---------- Exercise input ----------
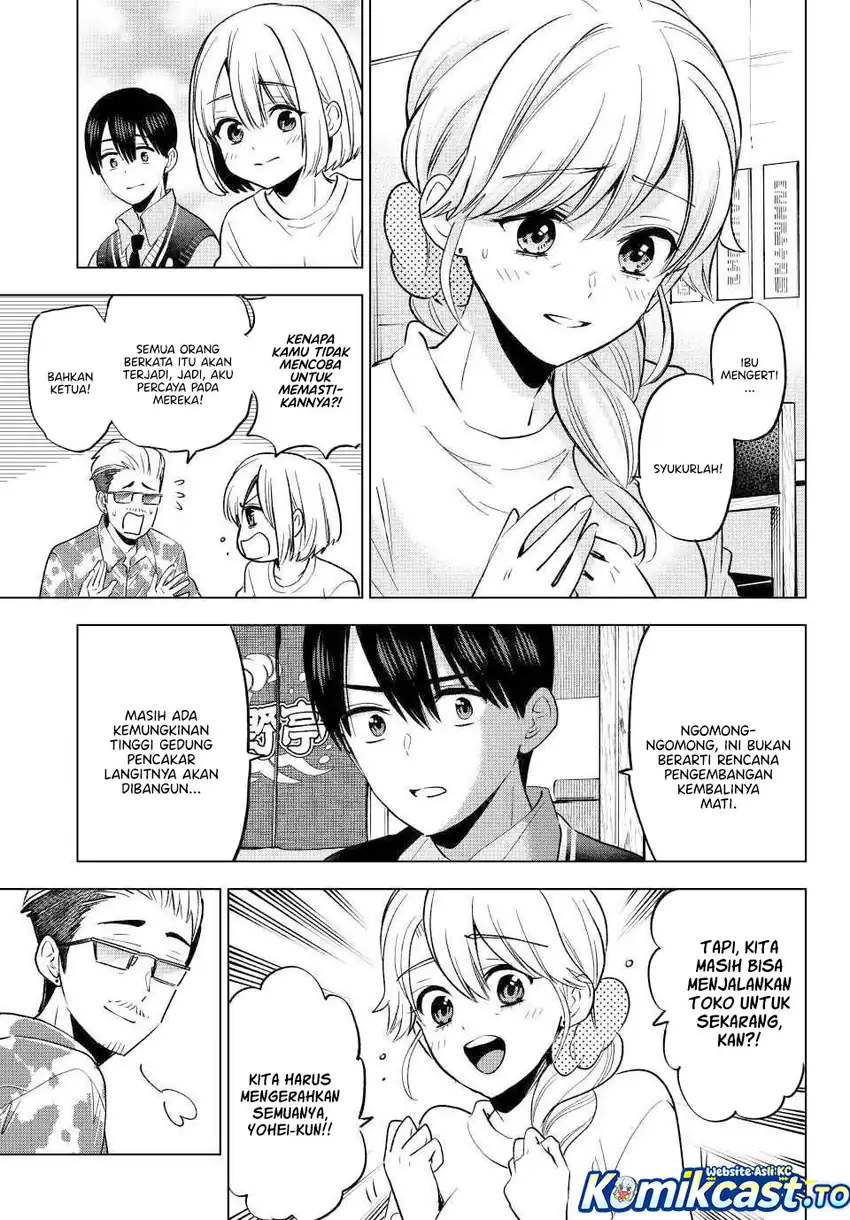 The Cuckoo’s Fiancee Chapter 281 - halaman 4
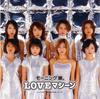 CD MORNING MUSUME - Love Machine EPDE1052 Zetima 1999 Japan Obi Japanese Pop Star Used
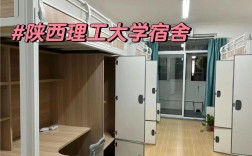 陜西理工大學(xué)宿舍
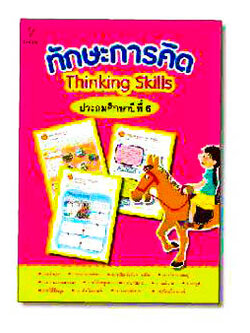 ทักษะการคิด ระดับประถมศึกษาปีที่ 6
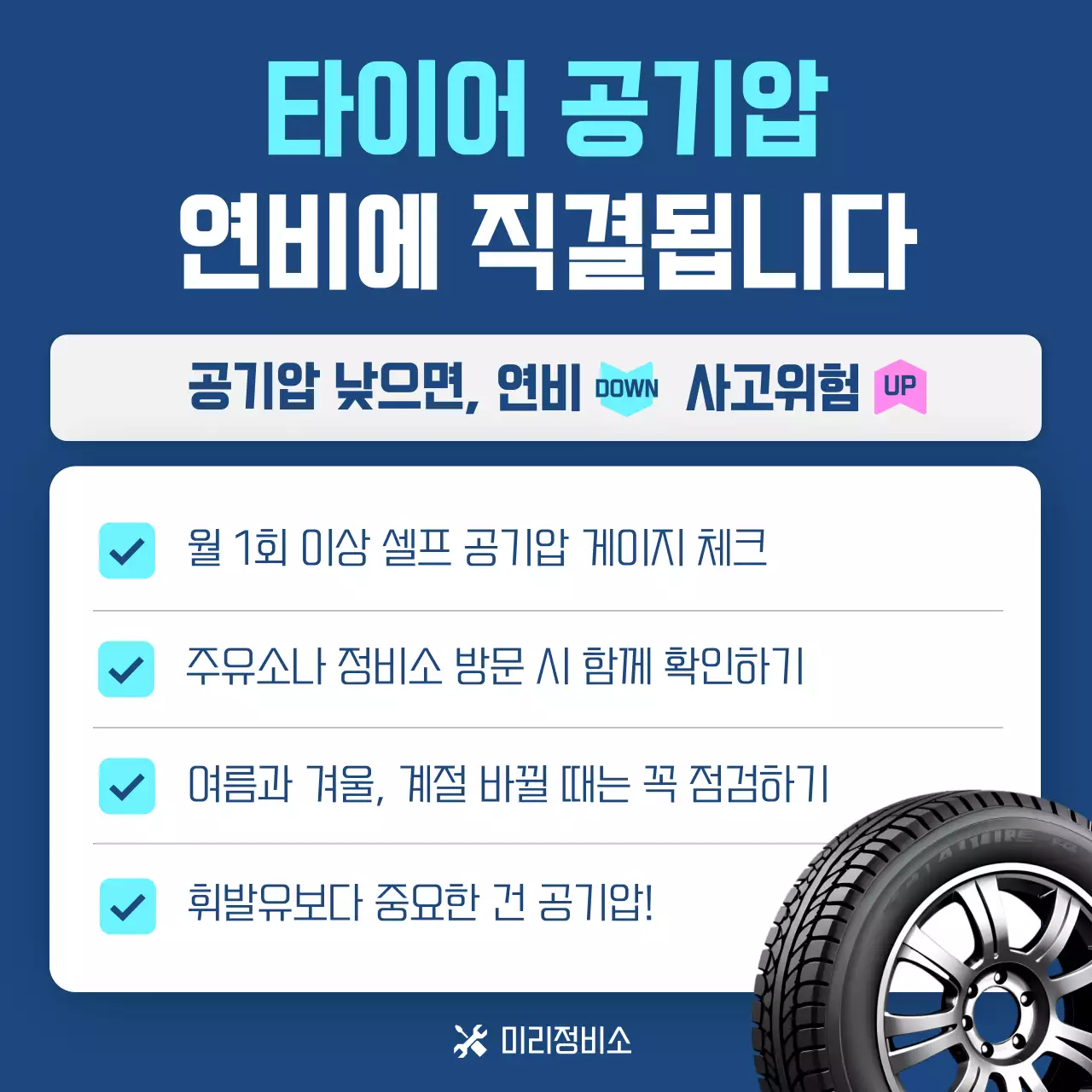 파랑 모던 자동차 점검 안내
----------
- _Exercise brief_
Lines from the one that contains "CD MORNING MUSUME" through the last line of the data above are to be extracted exactly, with no pictures and no other lines.

- _Response box_
 CD MORNING MUSUME - Love Machine EPDE1052 Zetima 1999 Japan Obi Japanese Pop Star Used
 陜西理工大學(xué)宿舍
 ทักษะการคิด ระดับประถมศึกษาปีที่ 6
 파랑 모던 자동차 점검 안내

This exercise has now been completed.